Wir haben (ich meine) 1995 eine Maschine mit 7 dieser Umrichter bekommen und bis (irgendwas um) 2002 eigentlich alle Junior aufgrund Defekt getauscht.
Sind die nicht schon seit Ewigkeiten abgekündigt?
Was ich sagen will: kann durchaus sein, daß das Teil hinüber ist (würde mich fast wundern, wenn er noch i.
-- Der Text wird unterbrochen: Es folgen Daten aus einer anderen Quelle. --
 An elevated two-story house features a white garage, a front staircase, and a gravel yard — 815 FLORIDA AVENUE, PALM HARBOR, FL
O. wäre)

Ich würde da keine große Energie reinhängen --> ein 0,37kW 1Ph.-Gerät ist ja nicht was sooo seltenes und auch nicht sooooo teuer


MfG


----------



## Ruebe (9 November 2010)

Hallo,

ja, ist ´ne olle Mühle.

Wahrscheinlich ist der auch abgeritten, wäre trotzdem klasse, wenn er laufen würde.

Gruß

Rübe


----------



## Thomas_X (12 November 2010)

Hi,

ich würde den Umrichter erstmal auf Werkseinstellung (P944=1) zurücksetzen,.
Danach speichern P971=1 und den Umrichter aus und wieder einschalten.
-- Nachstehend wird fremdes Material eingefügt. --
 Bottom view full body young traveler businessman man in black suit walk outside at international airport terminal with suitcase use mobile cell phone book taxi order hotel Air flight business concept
P005= 50 (50Hz einstellen)
P006= 0
P007= 1
P009= 3
P011= 1
P012= 0
P013 = 50
P081= Motornenfrequenz (normal 50hz)
P082= Nenndrehzahl laut Typenschild des Motors
P083= Nennstrom des Motors
P084= Motorspannung 
P085= Motorleistung
P971= 1 (Daten speichern)

Beim Anschluß des Umrichters muss die Eingangsspannung beachtet werden (siehe Typenschild 230V Einphasig ) Bei Falschanschluß defekt!!
Die Anschlußleitungen und die Motorleitungen dürfen nicht vertauscht werden sonst Umrichter defekt... hab ich schon einpaarmal mitgemacht!!! Gibt einen Knall und ne Rauchwolke.......

Der Motor muss so angeschlossen werden, das die Leistung bei 230V erreicht wird siehe Typenschild (meistens im Dreieck)

Zum Starten muss die Taste "Ein" gedrückt werden, mit Jog kann die Richtung umgekehrt werden, mit den Pfeiltasten schneller bzw langsamer geregelt werden

Sollte der Motor nicht laufen, teste deinen motor mal an der normalen Netzspannung (Achtung, dabei must Du vorher Deinen Motor umklemmen so das er mit 400V Betrieben wird meistens im Stern anschließen)



Viel Glück


----------



## Ruebe (12 November 2010)

Hallo Thomas,

danke für den Tip....auch diesen Weg hab ich schon hinter mir....keine Regung.

Ich hab ihn aber auch schon als defekt deklariert.

Gruß

Rübe


----------